DATA EXTRACT –
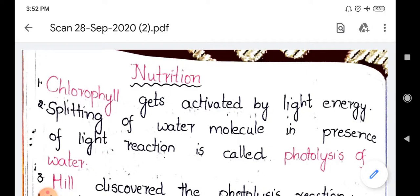The first question is: 'dash gets activated by light energy.' We know that photosynthesis requires four important factors: carbon dioxide, chlorophyll, sunlight, and water. Chlorophyll plays a very important role here. Chlorophyll gets activated by light energy because it has the capacity of trapping sunlight. This light energy gets converted to chemical energy, which is helpful in the synthesis of glucose. So the answer is chlorophyll.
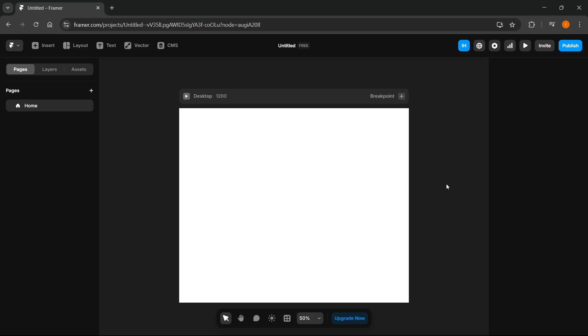In this video, I'm going to show you how to make a login page in Framer. There's actually two ways of doing it very quickly and I'm going to show you both of them.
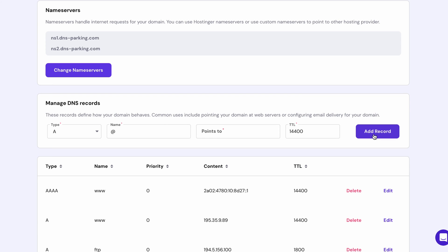Your domain name will go through a process called domain propagation, ensuring web browsers across the world can direct users to your website. And those were the easiest ways to point a domain name to a VPS. Next, I'll teach you how to have your domain name routed to a third-party CDN service like Cloudflare.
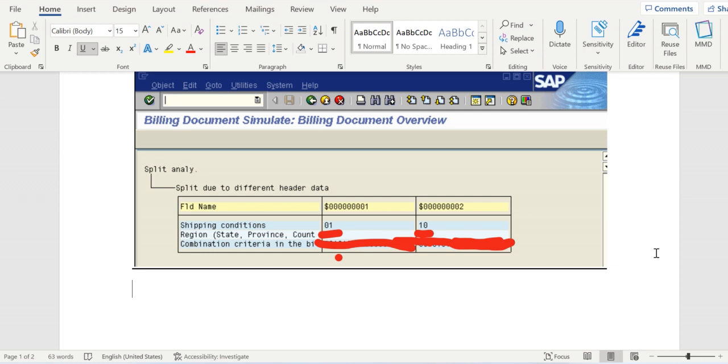For example in this case split happened because GP condition has different values in these two documents. But the customer is expecting he needs only one invoice for these two documents.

WHAT TO DO –
May I have only the lines from the start of the data through the line containing "Your domain name will", both included, reproduced exactly and without the pictures?

ANSWER TO THIS EXERCISE –
The first question is: 'dash gets activated by light energy.' We know that photosynthesis requires four important factors: carbon dioxide, chlorophyll, sunlight, and water. Chlorophyll plays a very important role here. Chlorophyll gets activated by light energy because it has the capacity of trapping sunlight. This light energy gets converted to chemical energy, which is helpful in the synthesis of glucose. So the answer is chlorophyll.
In this video, I'm going to show you how to make a login page in Framer. There's actually two ways of doing it very quickly and I'm going to show you both of them.
Your domain name will go through a process called domain propagation, ensuring web browsers across the world can direct users to your website. And those were the easiest ways to point a domain name to a VPS. Next, I'll teach you how to have your domain name routed to a third-party CDN service like Cloudflare.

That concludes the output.